Dataset extract:
################
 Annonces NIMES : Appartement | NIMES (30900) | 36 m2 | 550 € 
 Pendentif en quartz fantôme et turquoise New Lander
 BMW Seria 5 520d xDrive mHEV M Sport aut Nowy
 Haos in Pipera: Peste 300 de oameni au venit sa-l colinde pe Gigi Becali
################
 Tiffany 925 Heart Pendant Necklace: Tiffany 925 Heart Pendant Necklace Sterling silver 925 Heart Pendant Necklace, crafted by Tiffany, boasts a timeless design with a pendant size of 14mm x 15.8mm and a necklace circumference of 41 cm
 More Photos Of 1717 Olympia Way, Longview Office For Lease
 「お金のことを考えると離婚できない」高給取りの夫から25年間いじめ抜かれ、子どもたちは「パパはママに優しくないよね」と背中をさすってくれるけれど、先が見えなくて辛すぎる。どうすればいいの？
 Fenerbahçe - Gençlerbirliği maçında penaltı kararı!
################
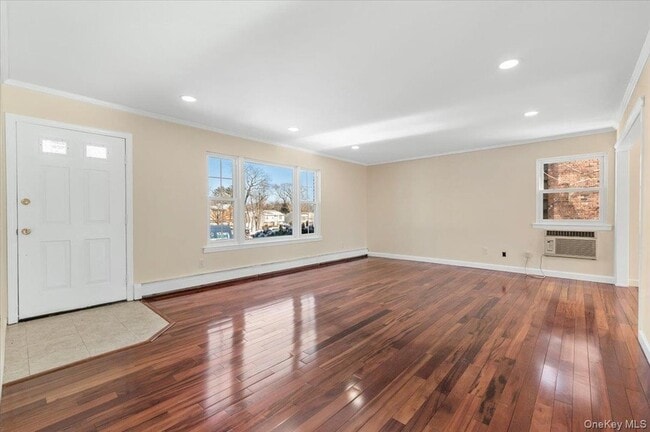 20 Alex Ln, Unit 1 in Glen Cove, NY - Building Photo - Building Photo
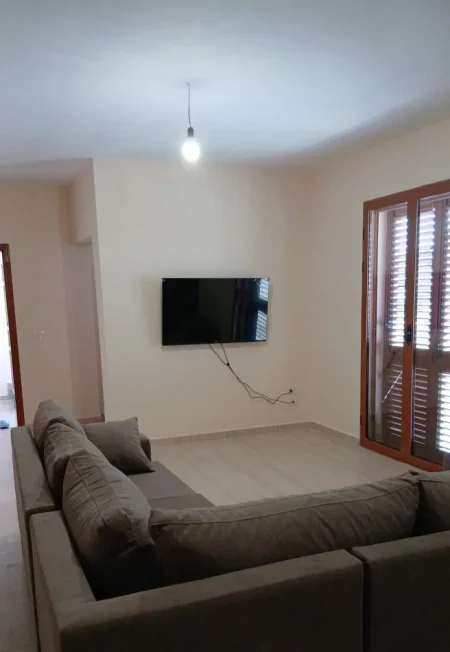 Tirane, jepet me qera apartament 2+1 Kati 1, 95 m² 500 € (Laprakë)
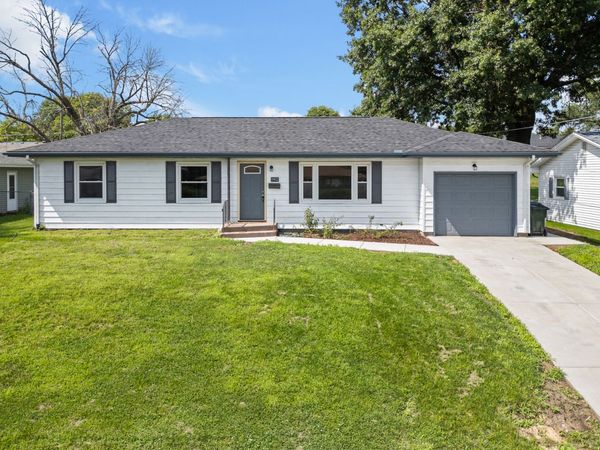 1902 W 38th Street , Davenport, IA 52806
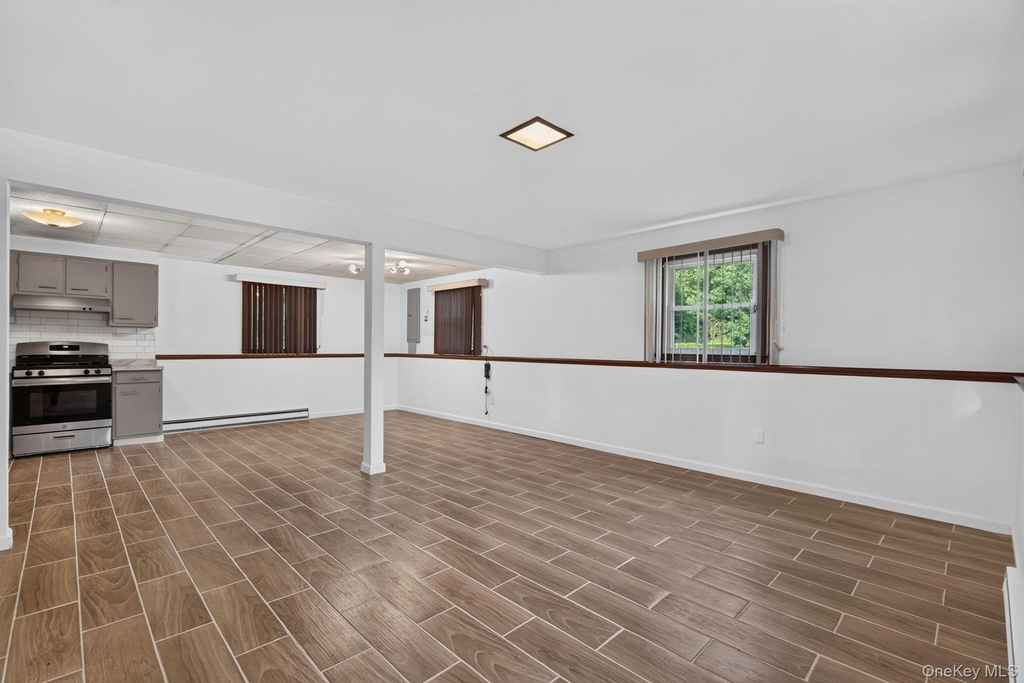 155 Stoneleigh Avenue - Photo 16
################
Work request:
Write out exactly the lines above between the line with "Annonces NIMES : Appartement" and the line with "Haos in Pipera: Peste", inclusive, and nothing beyond them.

Task output:
 Annonces NIMES : Appartement | NIMES (30900) | 36 m2 | 550 € 
 Pendentif en quartz fantôme et turquoise New Lander
 BMW Seria 5 520d xDrive mHEV M Sport aut Nowy
 Haos in Pipera: Peste 300 de oameni au venit sa-l colinde pe Gigi Becali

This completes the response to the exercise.